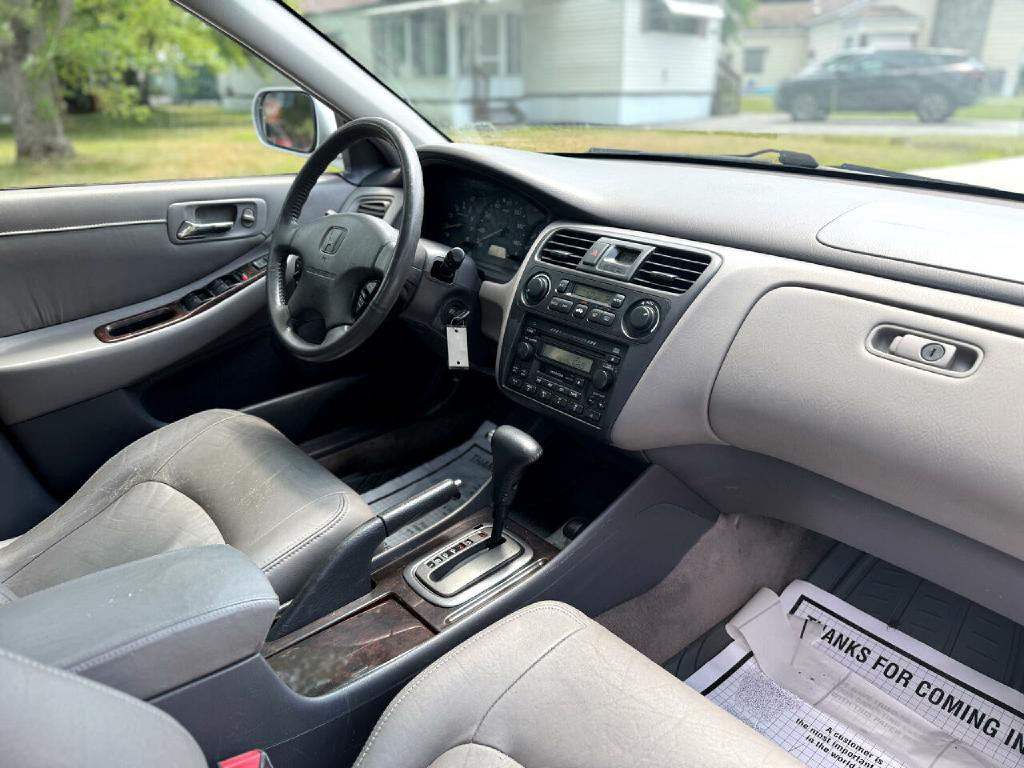 2002 Honda Accord Image 10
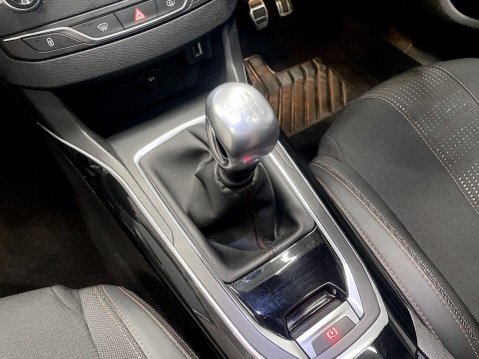 Peugeot 308 1.5 BlueHDi GT Line Hatchback 5dr Diesel Manual Euro 6 (s/s) (130 ps) 17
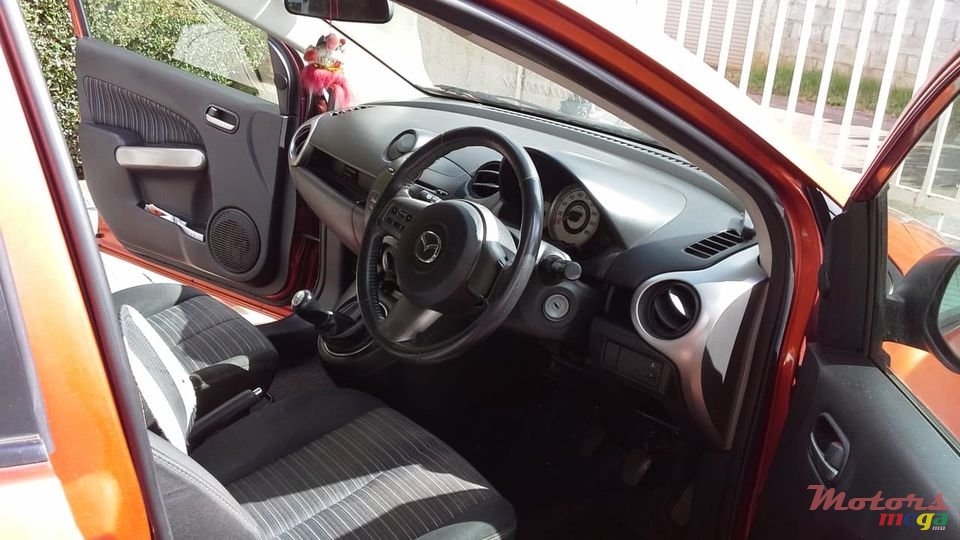 2010' Mazda Demio photo #3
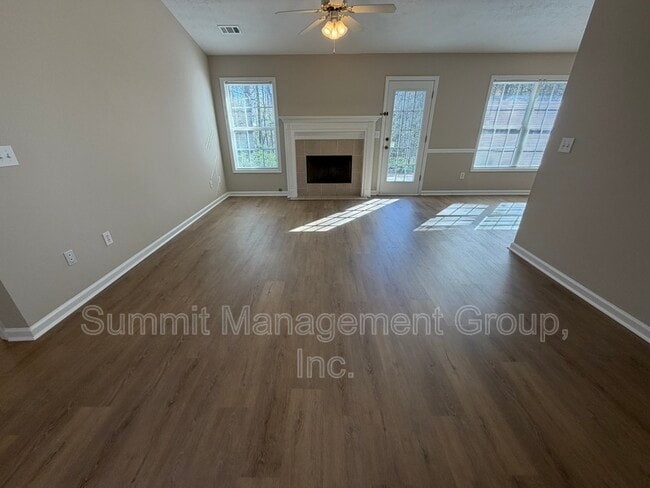 Building Photo - 25 Stephens Way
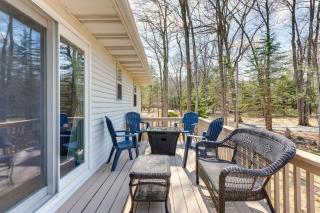 Pool and Lake Access Home in Pocono Summit - Pocono Summit - 0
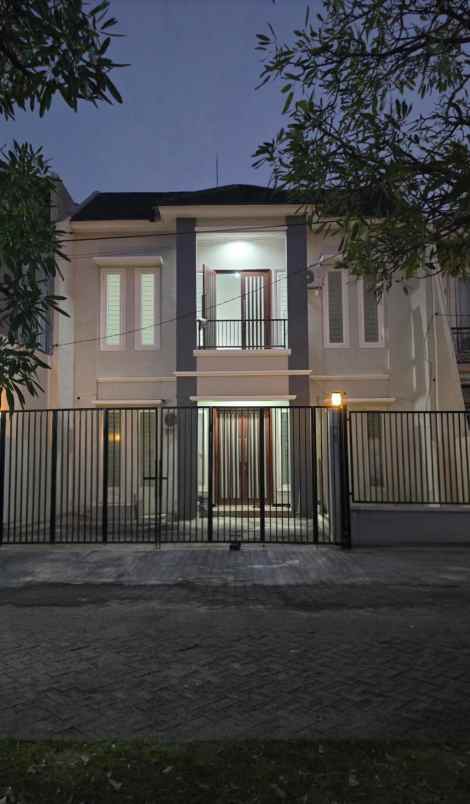 dijual rumah wiguna timur regency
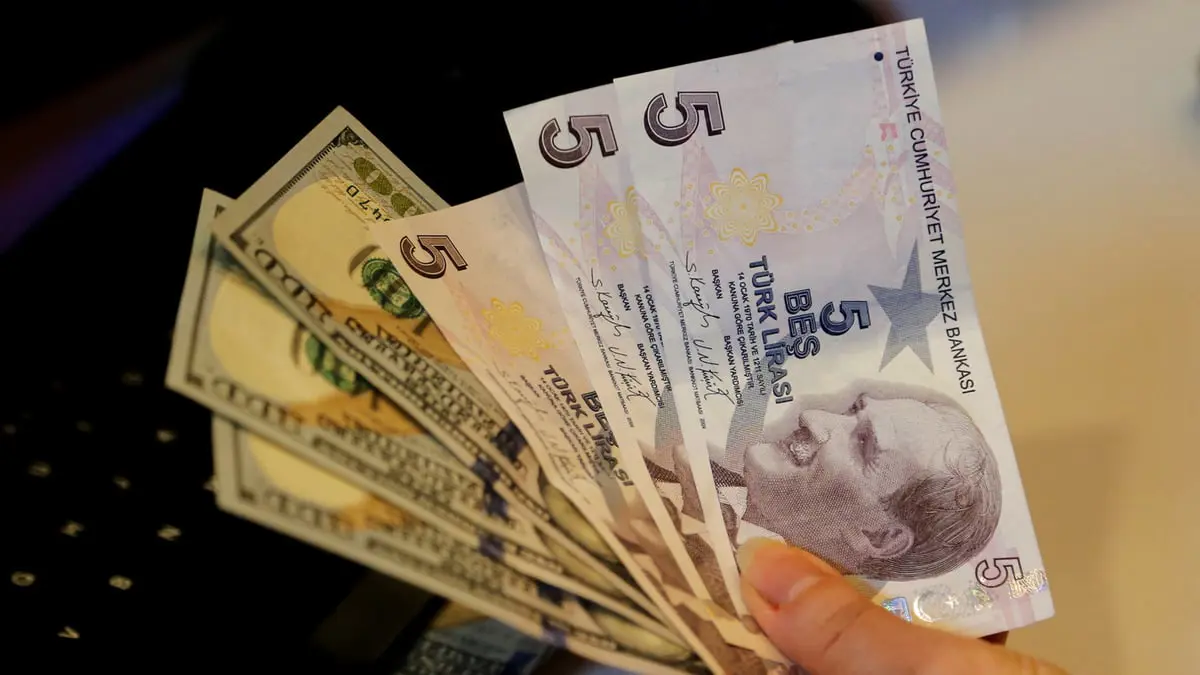 أزمة الليرة التركية تتخذ منعطفا سياسيا بعد تهديد بملاحقات قانونية‎‎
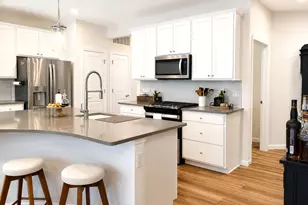 1221 Josiah Rd, Naperville, IL 60563 - Photo 6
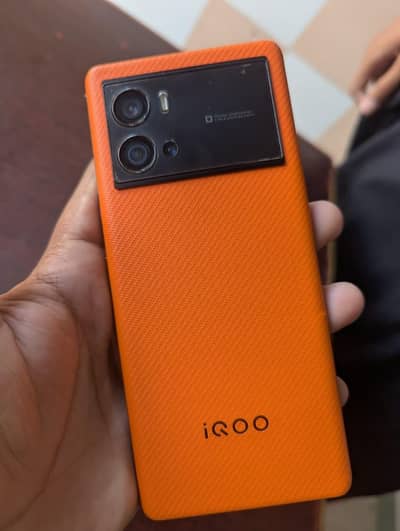 Vivo iQOO 9 Pro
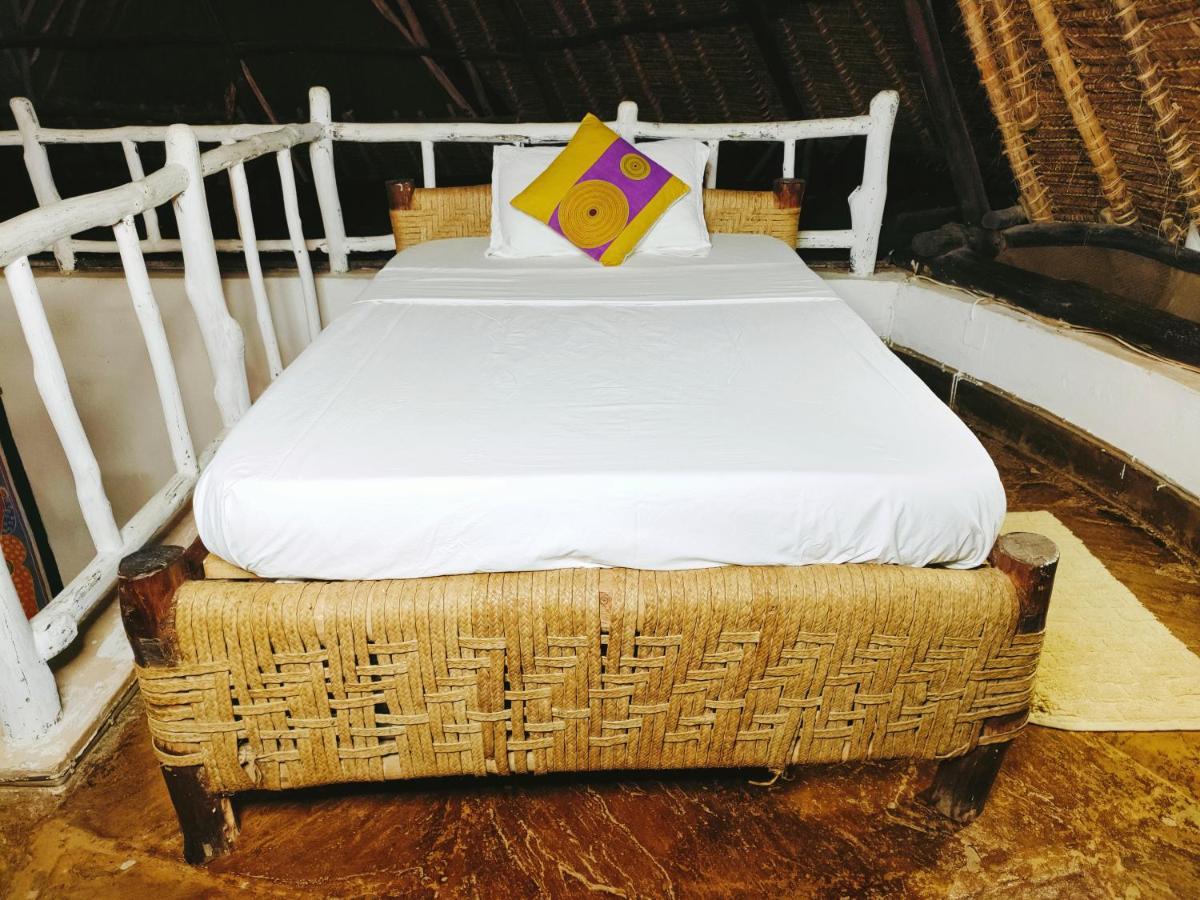 مبيت وإفطار شاطئ دياني Upani In Diani المظهر الخارجي الصورة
★ ★ ★ ★
• What is required: Write out the data word for word. Any picture is to be skipped.

• Final answer:
 2002 Honda Accord Image 10
 Peugeot 308 1.5 BlueHDi GT Line Hatchback 5dr Diesel Manual Euro 6 (s/s) (130 ps) 17
 2010' Mazda Demio photo #3
 Building Photo - 25 Stephens Way
 Pool and Lake Access Home in Pocono Summit - Pocono Summit - 0
 dijual rumah wiguna timur regency
 أزمة الليرة التركية تتخذ منعطفا سياسيا بعد تهديد بملاحقات قانونية‎‎
 1221 Josiah Rd, Naperville, IL 60563 - Photo 6
 Vivo iQOO 9 Pro
 مبيت وإفطار شاطئ دياني Upani In Diani المظهر الخارجي الصورة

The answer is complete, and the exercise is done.